0060 6c766172 0073686f 72742075 6e736967 lvar.short unsig
0070 6e656420 696e7400 67766172 31006776 ned int.gvar1.gv
0080 61723200 65766172 00474e55 20432034 ar2.evar.GNU C 4
0090 2e342e36 20323031 31303733 31202852 .4.6 20110731 (R
00a0 65642048 61742034 2e342e36 2d332900 ed Hat 4.4.6-3).
00b0 73686f72 7420696e 7400 short int.
Why is it showing the following?
unsigned char.svar
long int.lvar
short unsigned int.gvar1.gvar2.evar
How does GCC decide which type it should be stored as?
I am using GCC 4.4.6 20110731 (Red Hat 4.4.6-3)

Why is it showing the following?
Simple answer: It is not showing what you think but it is showing:
1 "variables.c"
2 "long unsigned int"
2a "unsigned int"
2b "int"
3 "/users/home40/raop/bkup/examples"
4 "unsigned char"
4a "char"
5 "svar"
6 "main"
7 "long int"
8 "lvar"
9 "short unsigned int"
10 "gvar1"
11 "gvar2"
12 "evar"
13 "GNU C 4.4.6 20110731 (Red Hat 4.4.6-3)"
14 "short int"
The section is named .debug_str; it contains a list of strings which are separated by NUL bytes. These strings are in any order and they are referenced by the section .debug_info. So the fact that svar is following unsigned char has no meaning at all.
The .debug_info section contains the actual debugging information. This section does not contain strings.
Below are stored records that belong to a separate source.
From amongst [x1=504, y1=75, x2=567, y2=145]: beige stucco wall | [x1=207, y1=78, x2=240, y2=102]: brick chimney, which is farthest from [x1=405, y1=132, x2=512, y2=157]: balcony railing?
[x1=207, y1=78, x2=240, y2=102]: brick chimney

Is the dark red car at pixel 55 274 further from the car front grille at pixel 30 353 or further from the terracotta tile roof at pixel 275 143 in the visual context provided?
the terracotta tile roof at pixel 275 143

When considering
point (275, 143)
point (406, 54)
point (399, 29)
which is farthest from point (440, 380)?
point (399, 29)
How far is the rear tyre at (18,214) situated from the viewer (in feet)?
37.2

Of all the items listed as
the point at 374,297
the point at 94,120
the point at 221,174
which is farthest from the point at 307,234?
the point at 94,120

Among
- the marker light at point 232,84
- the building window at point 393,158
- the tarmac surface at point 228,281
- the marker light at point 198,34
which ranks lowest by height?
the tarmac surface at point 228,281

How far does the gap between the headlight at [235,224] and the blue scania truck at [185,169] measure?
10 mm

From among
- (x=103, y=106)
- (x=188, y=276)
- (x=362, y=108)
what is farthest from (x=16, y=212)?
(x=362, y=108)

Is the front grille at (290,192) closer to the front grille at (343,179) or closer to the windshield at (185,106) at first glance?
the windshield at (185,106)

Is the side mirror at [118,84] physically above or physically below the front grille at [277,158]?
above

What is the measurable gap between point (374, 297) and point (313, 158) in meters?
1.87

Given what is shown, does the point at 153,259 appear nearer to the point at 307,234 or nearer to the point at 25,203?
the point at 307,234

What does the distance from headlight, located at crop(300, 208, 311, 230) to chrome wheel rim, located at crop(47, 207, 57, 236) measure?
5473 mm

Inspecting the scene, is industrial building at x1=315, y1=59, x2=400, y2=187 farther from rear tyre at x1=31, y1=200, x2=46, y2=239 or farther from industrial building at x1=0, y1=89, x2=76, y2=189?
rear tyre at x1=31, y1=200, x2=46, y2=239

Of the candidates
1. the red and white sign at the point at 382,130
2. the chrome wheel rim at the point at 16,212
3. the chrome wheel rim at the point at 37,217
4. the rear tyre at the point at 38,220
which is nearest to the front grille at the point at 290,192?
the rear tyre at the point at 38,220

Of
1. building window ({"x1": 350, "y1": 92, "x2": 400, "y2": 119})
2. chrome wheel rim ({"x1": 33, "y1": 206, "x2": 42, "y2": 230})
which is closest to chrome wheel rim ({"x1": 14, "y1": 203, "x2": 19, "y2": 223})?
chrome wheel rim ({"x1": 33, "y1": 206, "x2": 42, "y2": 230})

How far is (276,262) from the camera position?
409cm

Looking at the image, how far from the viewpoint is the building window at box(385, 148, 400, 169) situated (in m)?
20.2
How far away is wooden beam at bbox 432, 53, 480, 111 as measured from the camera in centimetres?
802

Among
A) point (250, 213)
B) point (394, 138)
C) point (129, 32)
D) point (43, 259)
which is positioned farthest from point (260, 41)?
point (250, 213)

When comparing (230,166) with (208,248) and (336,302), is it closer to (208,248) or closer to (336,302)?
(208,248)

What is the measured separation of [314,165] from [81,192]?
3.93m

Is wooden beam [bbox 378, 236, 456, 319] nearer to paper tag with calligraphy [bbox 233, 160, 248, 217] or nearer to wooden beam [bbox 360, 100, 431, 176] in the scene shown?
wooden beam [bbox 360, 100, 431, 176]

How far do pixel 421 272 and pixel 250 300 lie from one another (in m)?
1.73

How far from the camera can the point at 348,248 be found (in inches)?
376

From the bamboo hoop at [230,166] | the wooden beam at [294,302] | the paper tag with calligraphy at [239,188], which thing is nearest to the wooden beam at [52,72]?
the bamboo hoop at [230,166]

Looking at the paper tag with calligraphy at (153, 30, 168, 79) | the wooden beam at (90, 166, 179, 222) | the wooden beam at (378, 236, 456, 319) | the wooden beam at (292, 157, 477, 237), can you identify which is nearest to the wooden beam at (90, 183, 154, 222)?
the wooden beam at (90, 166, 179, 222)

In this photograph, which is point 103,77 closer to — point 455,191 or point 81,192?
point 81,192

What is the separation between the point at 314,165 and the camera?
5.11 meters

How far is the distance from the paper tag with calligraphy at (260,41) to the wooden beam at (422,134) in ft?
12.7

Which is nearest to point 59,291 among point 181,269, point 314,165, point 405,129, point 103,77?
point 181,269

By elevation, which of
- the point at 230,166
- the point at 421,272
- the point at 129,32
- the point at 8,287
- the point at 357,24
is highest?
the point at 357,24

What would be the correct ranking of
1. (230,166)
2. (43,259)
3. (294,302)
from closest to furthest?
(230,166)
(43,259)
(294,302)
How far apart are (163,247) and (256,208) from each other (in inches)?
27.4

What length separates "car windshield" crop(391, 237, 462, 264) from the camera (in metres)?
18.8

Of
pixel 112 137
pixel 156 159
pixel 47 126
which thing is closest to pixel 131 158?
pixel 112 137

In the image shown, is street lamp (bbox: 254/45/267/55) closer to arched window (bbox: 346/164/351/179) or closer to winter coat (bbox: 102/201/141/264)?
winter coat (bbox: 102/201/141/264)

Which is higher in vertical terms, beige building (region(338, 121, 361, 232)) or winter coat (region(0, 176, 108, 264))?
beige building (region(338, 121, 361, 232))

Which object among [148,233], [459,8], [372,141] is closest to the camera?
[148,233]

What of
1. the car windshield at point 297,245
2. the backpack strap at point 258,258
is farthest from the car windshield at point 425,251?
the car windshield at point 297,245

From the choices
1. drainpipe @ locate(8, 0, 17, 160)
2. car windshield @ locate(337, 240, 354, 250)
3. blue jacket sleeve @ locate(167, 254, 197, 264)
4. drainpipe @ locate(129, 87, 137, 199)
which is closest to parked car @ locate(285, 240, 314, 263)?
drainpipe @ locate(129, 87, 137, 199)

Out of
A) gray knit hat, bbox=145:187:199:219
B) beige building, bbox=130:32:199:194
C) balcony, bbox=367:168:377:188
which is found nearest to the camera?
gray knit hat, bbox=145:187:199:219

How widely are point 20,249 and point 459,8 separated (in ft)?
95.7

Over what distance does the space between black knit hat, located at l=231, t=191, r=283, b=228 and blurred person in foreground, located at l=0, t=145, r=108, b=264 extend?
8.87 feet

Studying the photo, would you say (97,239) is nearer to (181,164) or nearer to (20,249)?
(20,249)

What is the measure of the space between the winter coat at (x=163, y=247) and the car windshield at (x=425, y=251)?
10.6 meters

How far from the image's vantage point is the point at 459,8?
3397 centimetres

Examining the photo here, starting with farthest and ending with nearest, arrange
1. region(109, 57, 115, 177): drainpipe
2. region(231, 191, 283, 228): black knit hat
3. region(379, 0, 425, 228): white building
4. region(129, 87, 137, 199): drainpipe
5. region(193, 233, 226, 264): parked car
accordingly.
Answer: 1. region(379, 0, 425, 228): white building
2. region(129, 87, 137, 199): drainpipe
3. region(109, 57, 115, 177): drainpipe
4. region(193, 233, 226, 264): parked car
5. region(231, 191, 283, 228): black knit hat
Instead it will contain information like this:
...
Item 123:
Type of information: Data type
Name: 2b /* String #2b in ".debug_str" is "int" */
Kind of data type: Signed integer
Number of bits: 32
... some more information ...
Item 124:
Type of information: Global variable
Name: 8 /* "lvar" */
Data type defined by: Item 123
Stored at: Address 0x1234
... some more information ...
Begin item 125:
Type of information: Function
Name: 6 /* "main" */
... some more information ...
Item 126:
Type of information: Local variable
Name: 5 /* "svar" */
Data type defined by: Item 123
Stored at: Address 0x1238
... some more information ...
End item 125 /* Function "main" */
Item 127:
...
You can see this information using the following command:
readelf --debug-dump filename.o
Why does GCC store global and static int differently?
I compiled your example twice: Once with optimization and once without optimization.
Without optimization svar and gvar1 were stored exactly the same way: Data type int, stored on a fixed address. lvar was: Data type int, stored on the stack.
With optimization lvar and svar were stored the same way: Data type: int, not stored at all, instead they are treated as constant value.
(This makes sense because the values of these variables never change.)
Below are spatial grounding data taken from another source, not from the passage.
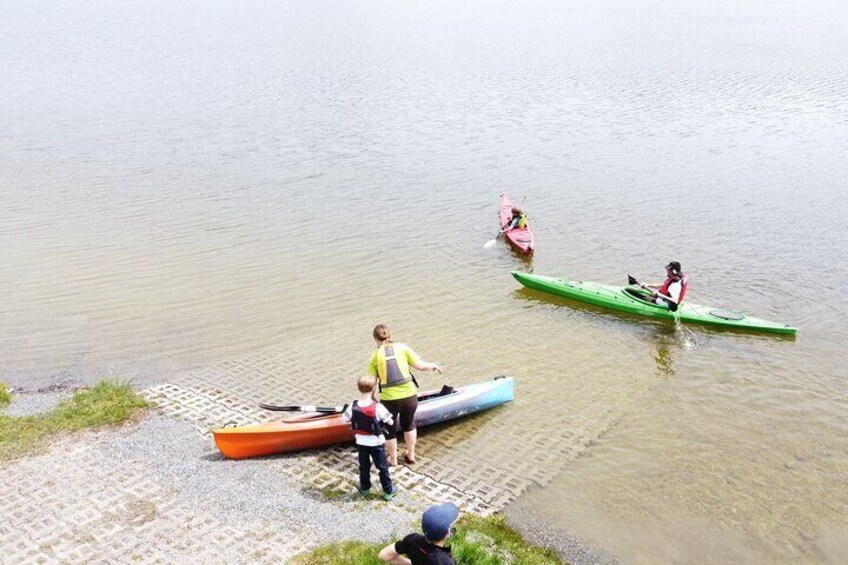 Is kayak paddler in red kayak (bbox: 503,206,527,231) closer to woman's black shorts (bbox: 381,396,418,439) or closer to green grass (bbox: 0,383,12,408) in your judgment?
woman's black shorts (bbox: 381,396,418,439)

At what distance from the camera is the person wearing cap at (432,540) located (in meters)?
5.71

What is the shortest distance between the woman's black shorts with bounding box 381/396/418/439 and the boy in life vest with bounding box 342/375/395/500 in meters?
0.43

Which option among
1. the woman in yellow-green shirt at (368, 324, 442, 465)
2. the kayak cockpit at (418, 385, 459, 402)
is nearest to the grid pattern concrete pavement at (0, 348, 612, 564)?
the kayak cockpit at (418, 385, 459, 402)

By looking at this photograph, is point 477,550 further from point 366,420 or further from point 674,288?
point 674,288

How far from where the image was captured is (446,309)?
1631 centimetres

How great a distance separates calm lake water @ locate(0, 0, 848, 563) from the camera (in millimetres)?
11133

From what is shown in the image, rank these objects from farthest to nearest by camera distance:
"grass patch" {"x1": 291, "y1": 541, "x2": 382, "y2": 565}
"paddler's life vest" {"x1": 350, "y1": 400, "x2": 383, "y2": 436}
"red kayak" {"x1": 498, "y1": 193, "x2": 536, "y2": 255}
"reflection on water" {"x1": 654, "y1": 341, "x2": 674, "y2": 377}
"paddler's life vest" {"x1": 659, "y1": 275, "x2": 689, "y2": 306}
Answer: "red kayak" {"x1": 498, "y1": 193, "x2": 536, "y2": 255} < "paddler's life vest" {"x1": 659, "y1": 275, "x2": 689, "y2": 306} < "reflection on water" {"x1": 654, "y1": 341, "x2": 674, "y2": 377} < "paddler's life vest" {"x1": 350, "y1": 400, "x2": 383, "y2": 436} < "grass patch" {"x1": 291, "y1": 541, "x2": 382, "y2": 565}

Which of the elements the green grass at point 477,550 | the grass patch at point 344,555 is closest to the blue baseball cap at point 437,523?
the green grass at point 477,550

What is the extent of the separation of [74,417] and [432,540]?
25.4 ft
The C11 specification (read n1570) -or older C standards- does not define at what addresses or offsets are stored global or static variables, so the implementation (your gcc compiler and your ld linker) is free to put them at any place.
The organization and layout of the data segments is an implementation detail.
You may want to read more about DWARF to understand debug information, which is useful to the gdb debugger.
You may want to read more about linkers and loaders, and about the ELF format, if you want to understand how they are working. On Linux, there are several utilities to inspect elf(5) files, including objdump(1), readelf(1), nm(1).
Notice that your GCC4.4 is an obsolete and old version of GCC. Current version is GCC7, and GCC8 will be released in a few weeks (spring 2018). I strongly recommend to upgrade your compiler.
If you need to understand how and why the data segments are organized in such way and why your implementation chooses such a layout, you could take advantage that both gcc and ld (from binutils) are free software, and study their source in details. You'll need many years of work, since they are complex software (more than ten million lines of source code).
If you happen to start studying the internals of GCC, be sure to study a recent version. Most people of the GCC community have probably forgotten the details of GCC4.4 (released in 2009). A lot of things have changed in GCC since that ancient thing. A few years ago, I have written many slides about GCC internals, see the documentation of GCC MELT.
BTW, the layout of data segments, or of variables inside them, might vary with optimization options. It might happen that lvar does not sit in memory (e.g. stays in a register only); it could happen that a static variable is removed (using something like the as-if rule) etc.
For a single translation unit foo.c, you might compile it into assembler code using gcc -fverbose-asm -S -O foo.c and look into the emitted foo.s assembler code.
To understand more how your ld linker work, you might look into some relevant linker script. You could find how ld is invoked from gcc by using gcc -v (instead of gcc) in your compilation and linking command.
In most cases, you should not care about the particular offsets (in object files or executables) or addresses (in the virtual address space of your process) of global or static variables. Be also aware of ASLR. The proc(5) filesystem can be used to understand your process.
(your question is severely lacking some motivation and context)

Related

How to tell gcc to not align function parameters on the stack?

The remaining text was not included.